SOURCE INFORMATION
- Opening Delimiter -
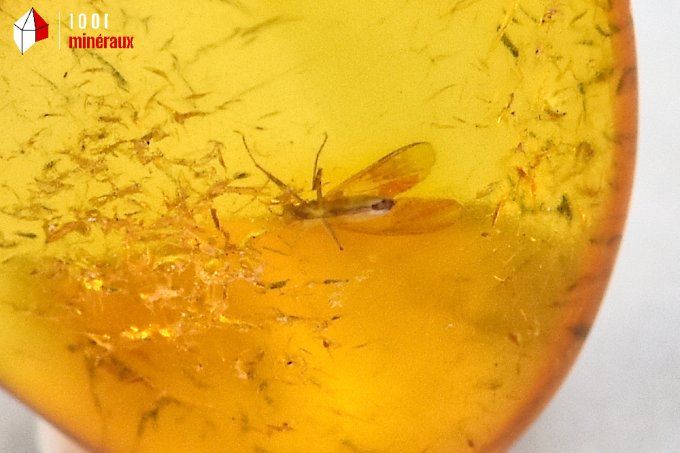 ambre_insectes_fossiles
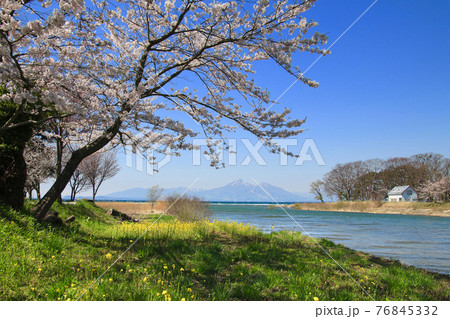 春の猪苗代湖と磐梯山（郡山市・湖南町） 76845332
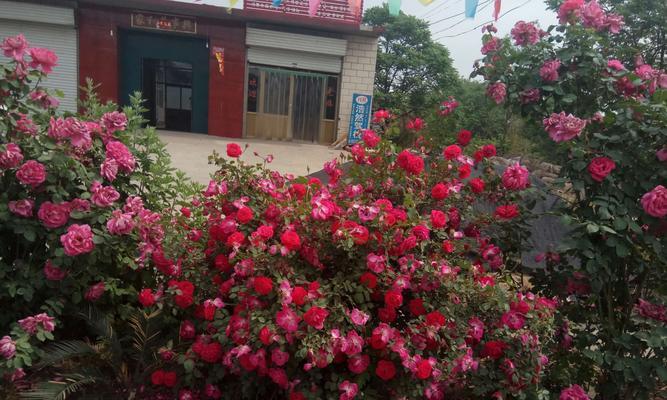 红色月季花语（以红色月季为载体）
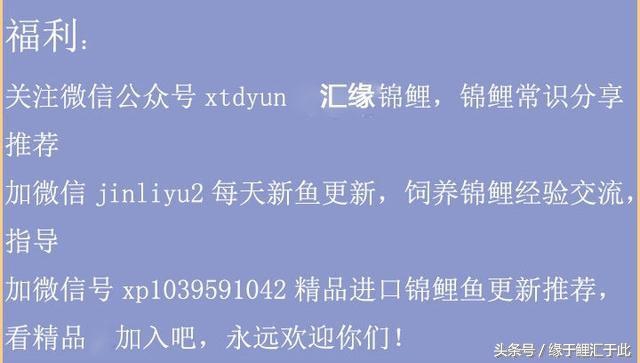 如何降低水的硬度和ph,怎样降低鱼缸水的硬度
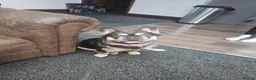 French Bulldog dogs for stud: Fluffy french bulldog in Brigg - Advert 5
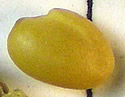 [photo of seed]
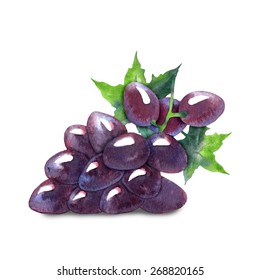 Watercolor vector sketch of grape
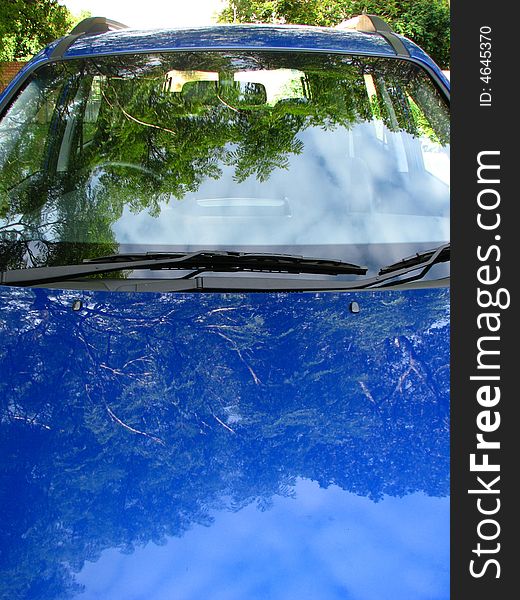 Reflection of trees in a car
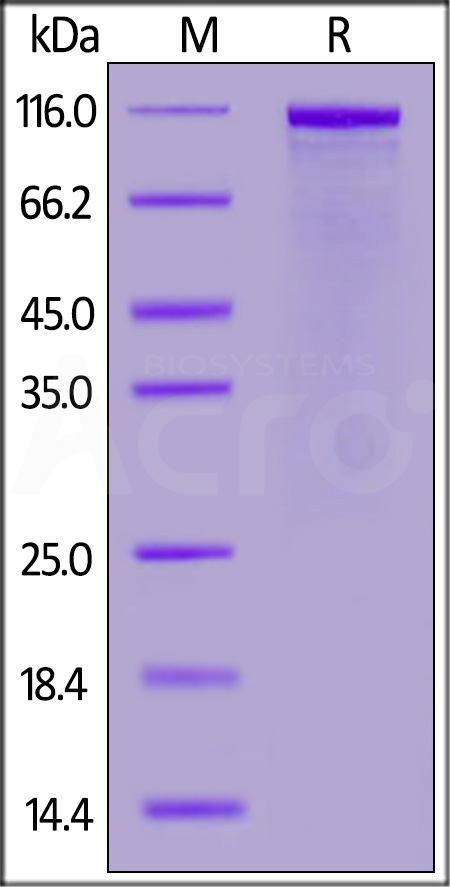 FG1-H82F6-sds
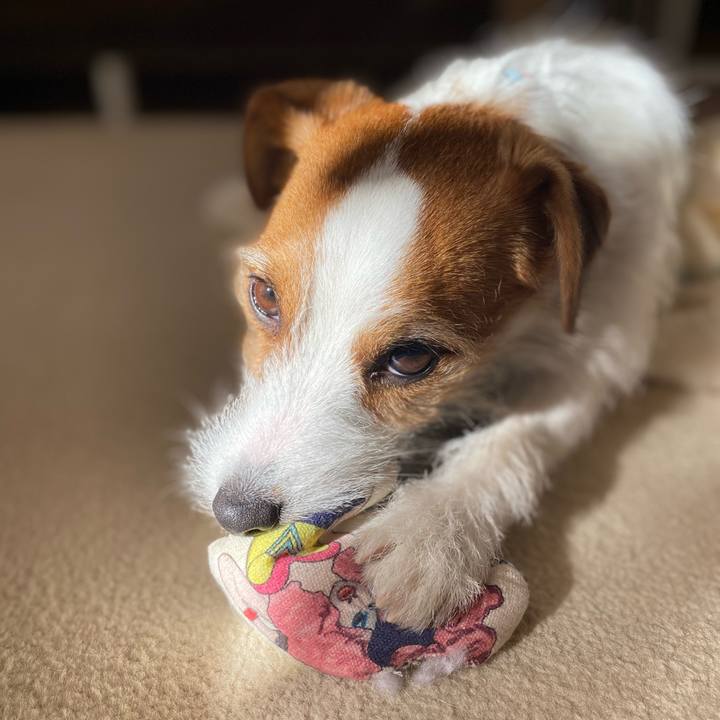 156caa06 9ea6 4161 a19b f7e6bcfce05e 1676076144595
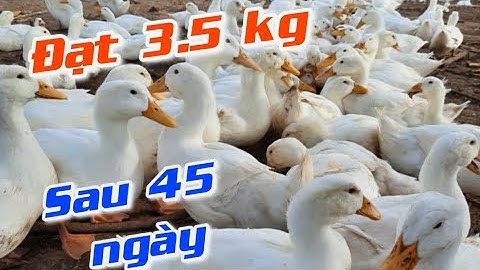 Có nên đầu tư Nuôi vịt siêu nạc Grimaud ,giống vịt siêu to khổng lồ | Khởi Nghiệp TV
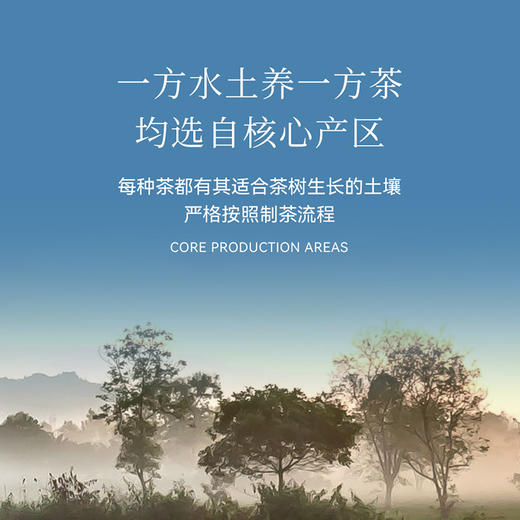 【新品】开始喝茶丨礼上 二十四节气 茶叶礼盒 96g 六大茶类 商品图2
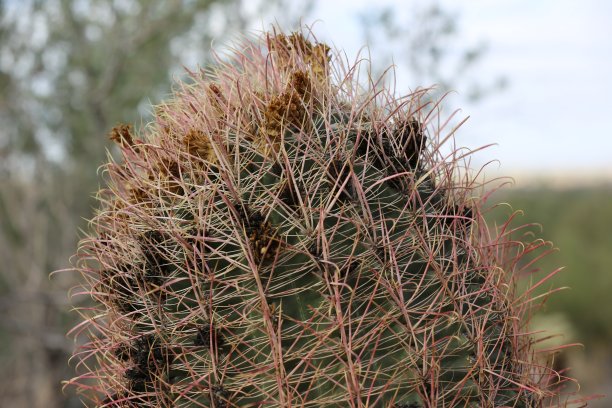 cholla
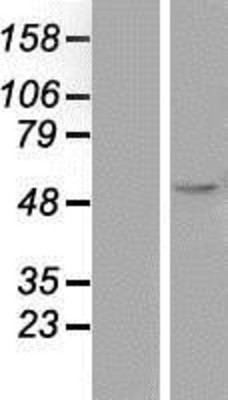 Western Blot: Legumain Overexpression Lysate (Adult Normal) [NBP2-10455] Left-Empty vector transfected control cell lysate (HEK293 cell lysate); Right -Over-expression Lysate for Legumain.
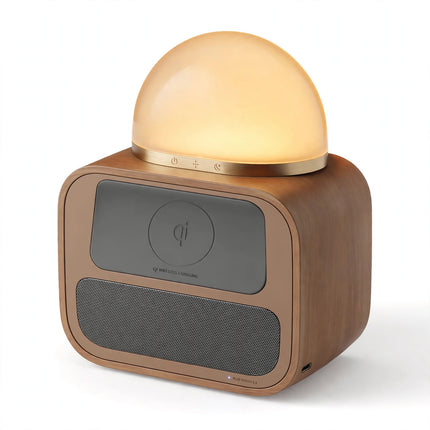 e29_chargerspeaker-g2.jpg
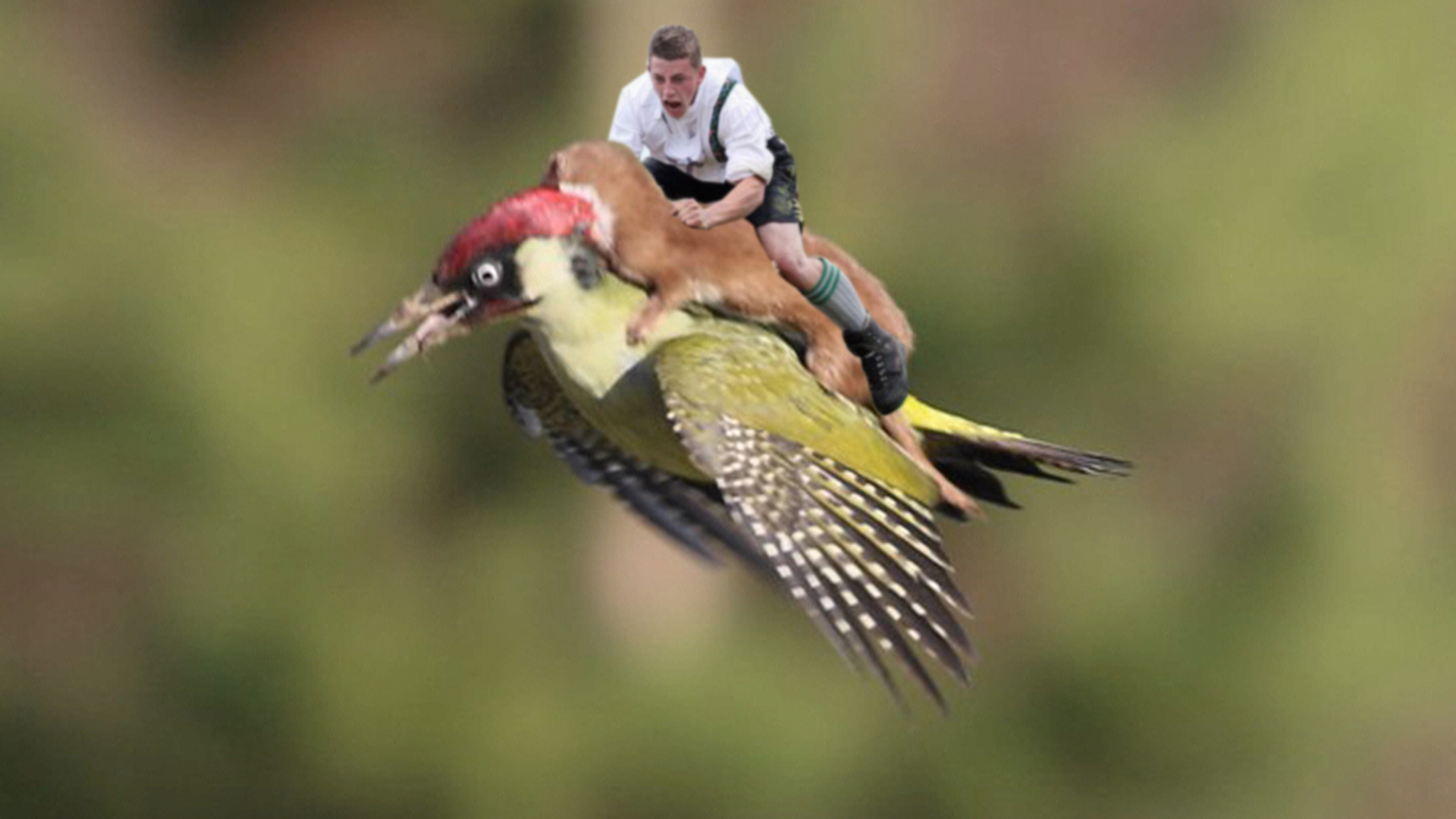 Just some guy hitchin' a ride on a weasel, that's hitchin' a ride on a bird...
- Closing Delimiter -
Retype the entire listing exactly as it appears, dropping only the pictures.

SOLUTION FOR THIS PROBLEM
 ambre_insectes_fossiles
 春の猪苗代湖と磐梯山（郡山市・湖南町） 76845332
 红色月季花语（以红色月季为载体）
 如何降低水的硬度和ph,怎样降低鱼缸水的硬度
 French Bulldog dogs for stud: Fluffy french bulldog in Brigg - Advert 5
 [photo of seed]
 Watercolor vector sketch of grape
 Reflection of trees in a car
 FG1-H82F6-sds
 156caa06 9ea6 4161 a19b f7e6bcfce05e 1676076144595
 Có nên đầu tư Nuôi vịt siêu nạc Grimaud ,giống vịt siêu to khổng lồ | Khởi Nghiệp TV
 【新品】开始喝茶丨礼上 二十四节气 茶叶礼盒 96g 六大茶类 商品图2
 cholla
 Western Blot: Legumain Overexpression Lysate (Adult Normal) [NBP2-10455] Left-Empty vector transfected control cell lysate (HEK293 cell lysate); Right -Over-expression Lysate for Legumain.
 e29_chargerspeaker-g2.jpg
 Just some guy hitchin' a ride on a weasel, that's hitchin' a ride on a bird...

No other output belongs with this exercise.